Monitor system health

Watchdog monitors the health of vendor services and the VHAL service, and terminates any unhealthy process. When an unhealthy process is terminated, the Watchdog dumps the process status to /data/anr as with other Application Not Responding (ANR) dumps. Doing so facilitates the debugging process.

Vendor service health monitoring

Vendor services are monitored at both native and Java side. For a Vendor service to be monitored, the service must register a health checking process with the Watchdog by specifying a pre-defined timeout. Watchdog monitors the health of a registered health checking process by pinging it at an interval relative to the timeout that is specified during the registration. When a pinged process doesn't respond within the timeout, the process is considered unhealthy.

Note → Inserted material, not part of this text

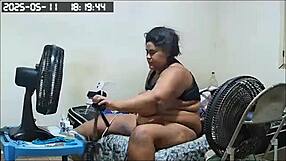 delicious chubby brazilian bbw stepmother with big natural tits bathing and showing her pussy to her stepson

Native service health monitoring

Specify the Watchdog AIDL makefile

  1. Include carwatchdog_aidl_interface-ndk_platform in shared_libs.

    Android.bp

    cc_binary {
        name: "sample_native_client",
        srcs: [
            "src/*.cpp"
        ],
        shared_libs: [
            "carwatchdog_aidl_interface-ndk_platform",
            "libbinder_ndk",
        ],
        vendor: true,
    }

Add an SELinux policy

  1. To add an SELinux policy, allow the vendor service domain to use binder (binder_use macro) and add the vendor service domain to the carwatchdog client domain (carwatchdog_client_domain macro). See the code below for sample_client.te and file_contexts:

    sample_client.te

    type sample_client, domain;
    type sample_client_exec, exec_type, file_type, vendor_file_type;
    
    carwatchdog_client_domain(sample_client)
    
    init_daemon_domain(sample_client)
    binder_use(sample_client)

    file_contexts

    /vendor/bin/sample_native_client  u:object_r:sample_client_exec:s0

Implement a client class by inheriting BnCarWatchdogClient

  1. In checkIfAlive, perform a health check. One option is to post to the thread loop handler. If healthy, call ICarWatchdog::tellClientAlive. See the code below for SampleNativeClient.h and SampleNativeClient.cpp:

    SampleNativeClient.h

    class SampleNativeClient : public BnCarWatchdogClient {
    public:
        ndk::ScopedAStatus checkIfAlive(int32_t sessionId, TimeoutLength
            timeout) override;
        ndk::ScopedAStatus prepareProcessTermination() override;
        void initialize();
    
    private:
        void respondToDaemon();
    private:
        ::android::sp<::android::Looper> mHandlerLooper;
        std::shared_ptr<ICarWatchdog> mWatchdogServer;
        std::shared_ptr<ICarWatchdogClient> mClient;
        int32_t mSessionId;
    };

    SampleNativeClient.cpp

    ndk::ScopedAStatus WatchdogClient::checkIfAlive(int32_t sessionId, TimeoutLength timeout) {
        mHandlerLooper->removeMessages(mMessageHandler,
            WHAT_CHECK_ALIVE);
        mSessionId = sessionId;
        mHandlerLooper->sendMessage(mMessageHandler,
            Message(WHAT_CHECK_ALIVE));
        return ndk::ScopedAStatus::ok();
    }
    // WHAT_CHECK_ALIVE triggers respondToDaemon from thread handler
    void WatchdogClient::respondToDaemon() {
      // your health checking method here
      ndk::ScopedAStatus status = mWatchdogServer->tellClientAlive(mClient,
            mSessionId);
    }

Start a binder thread and register the client

The car watchdog daemon interface name is android.automotive.watchdog.ICarWatchdog/default.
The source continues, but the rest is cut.